▶ DATASET ENTRIES

• • • • • • •

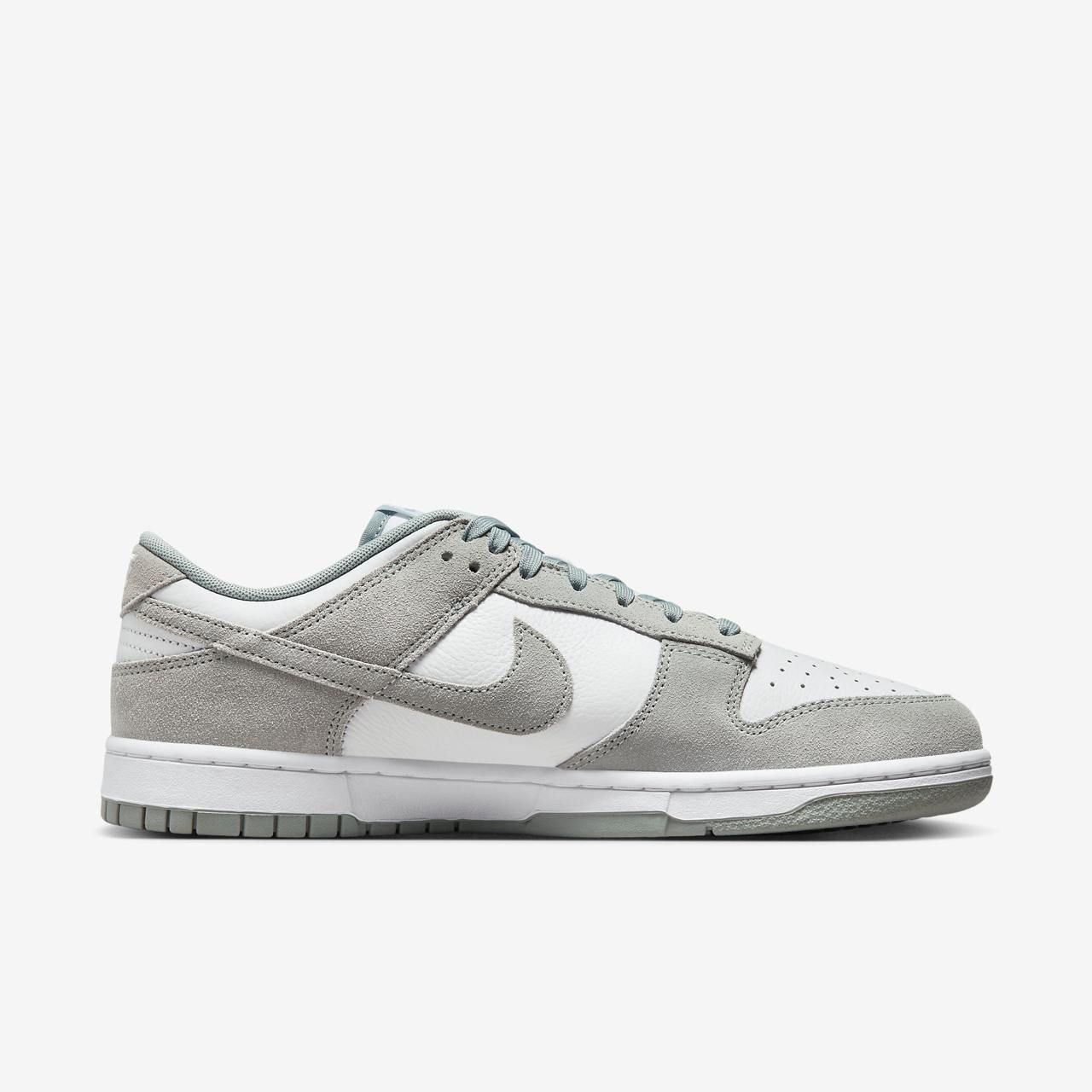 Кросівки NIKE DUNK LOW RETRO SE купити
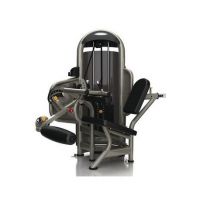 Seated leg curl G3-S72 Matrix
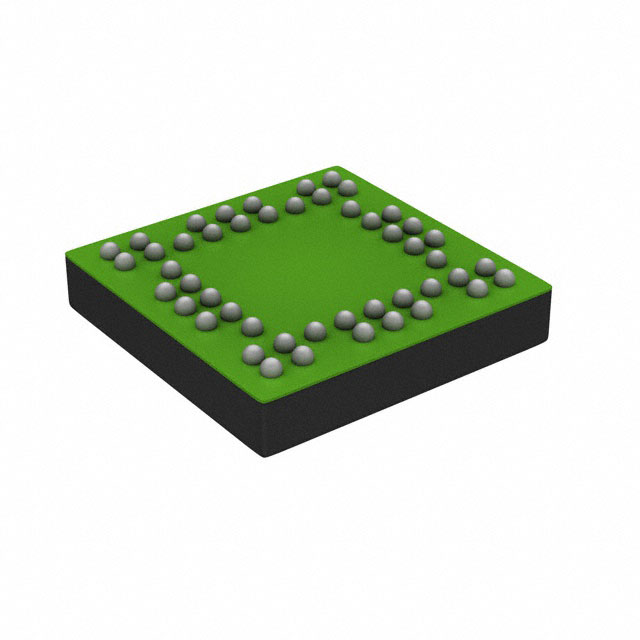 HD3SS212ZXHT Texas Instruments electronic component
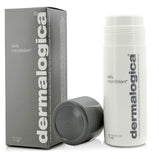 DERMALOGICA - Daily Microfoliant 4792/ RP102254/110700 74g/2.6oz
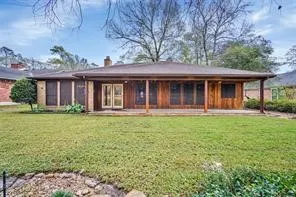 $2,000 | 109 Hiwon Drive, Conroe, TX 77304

• • • • • • •

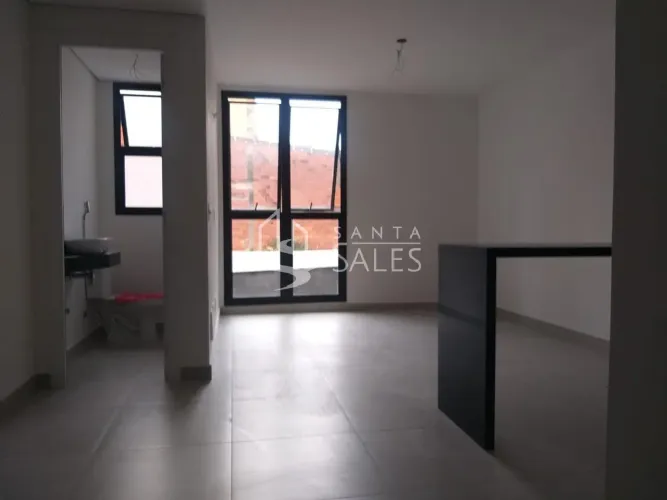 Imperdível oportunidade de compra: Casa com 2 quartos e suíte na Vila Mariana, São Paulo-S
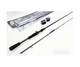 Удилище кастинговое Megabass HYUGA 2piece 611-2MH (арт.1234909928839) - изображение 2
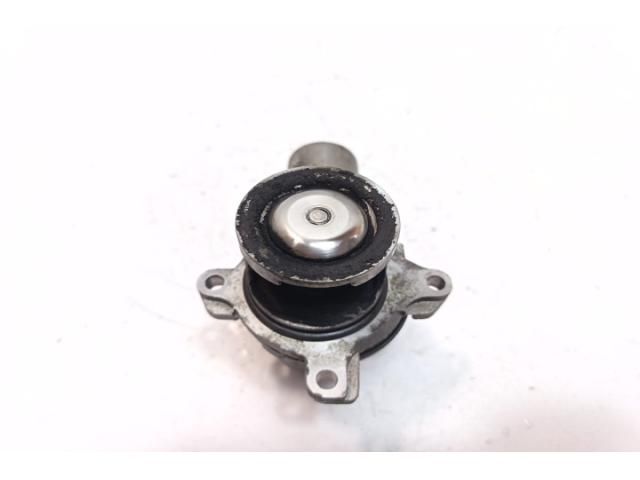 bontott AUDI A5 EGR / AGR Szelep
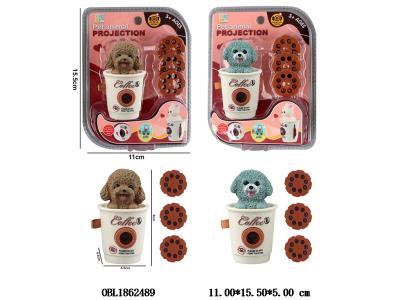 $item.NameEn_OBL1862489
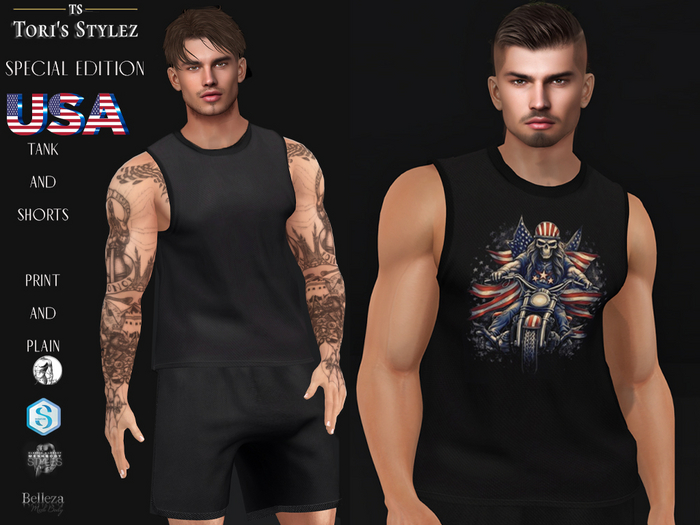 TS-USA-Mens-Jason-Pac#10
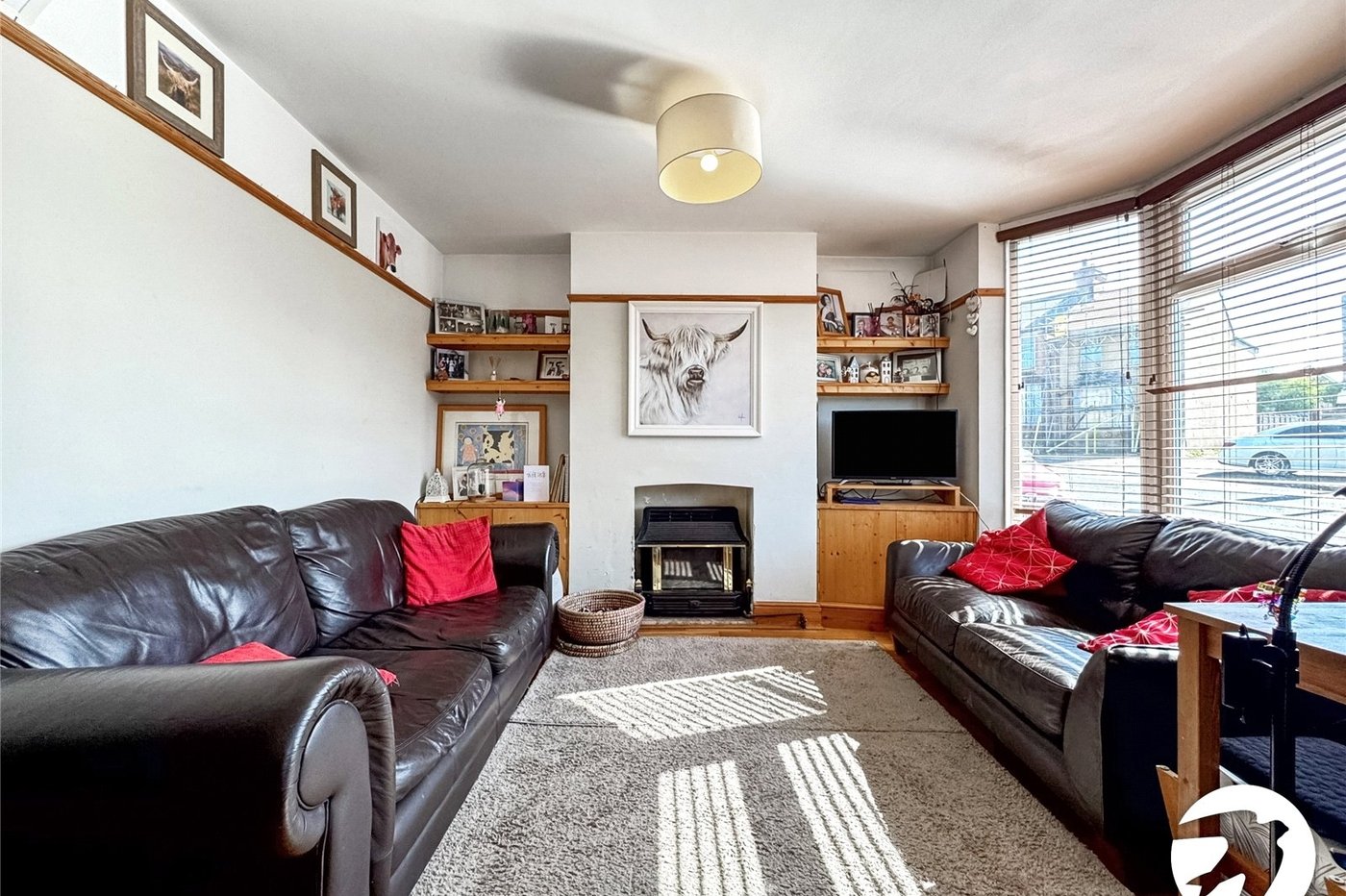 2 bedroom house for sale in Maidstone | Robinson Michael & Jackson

• • • • • • •

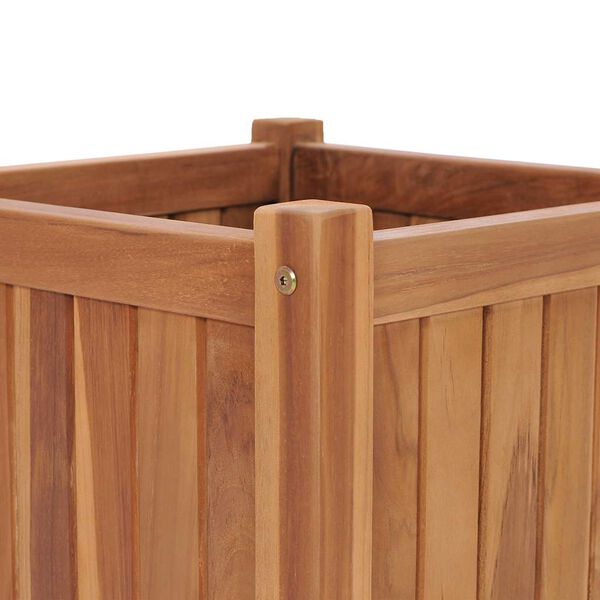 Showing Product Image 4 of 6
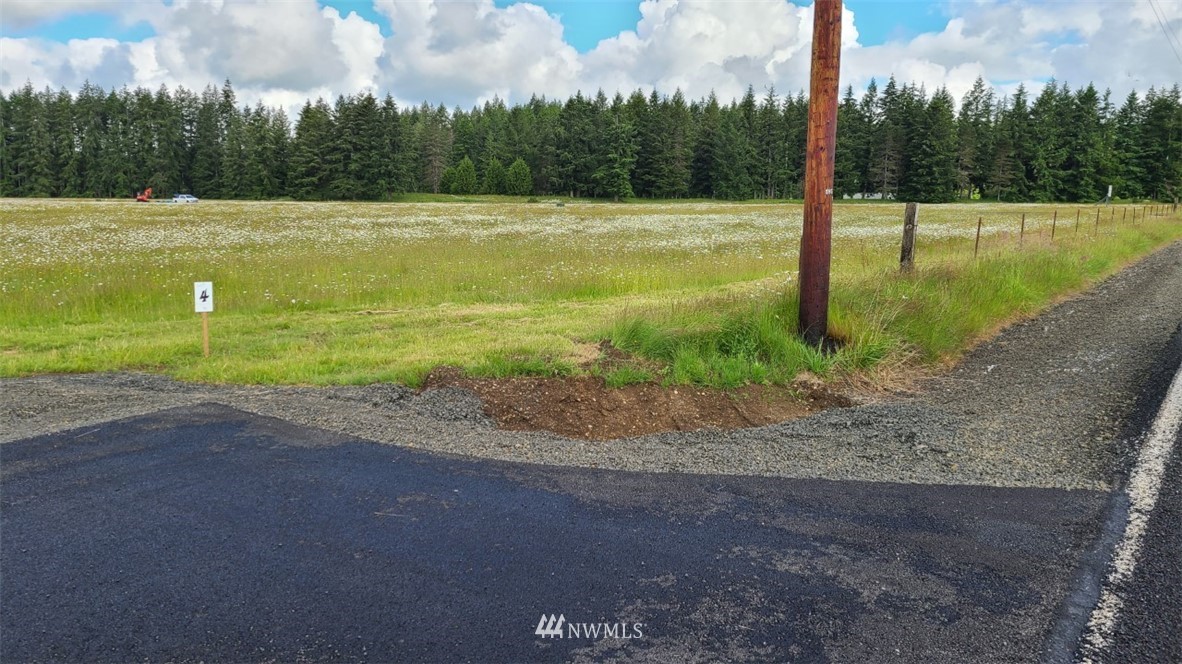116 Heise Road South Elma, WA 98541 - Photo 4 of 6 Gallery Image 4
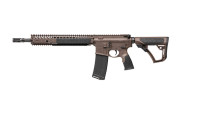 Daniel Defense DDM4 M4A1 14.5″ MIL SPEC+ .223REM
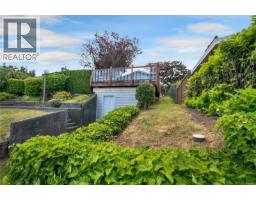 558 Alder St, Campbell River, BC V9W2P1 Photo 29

• • • • • • •

▶ EXERCISE PROMPT
Above, find the line holding "Кросівки NIKE DUNK LOW RETRO SE купити" and the line holding "Conroe, TX 77304". Print exactly those two lines and every line between them, but no pictures.

▶ OUTPUT
 Кросівки NIKE DUNK LOW RETRO SE купити
 Seated leg curl G3-S72 Matrix
 HD3SS212ZXHT Texas Instruments electronic component
 DERMALOGICA - Daily Microfoliant 4792/ RP102254/110700 74g/2.6oz
 $2,000 | 109 Hiwon Drive, Conroe, TX 77304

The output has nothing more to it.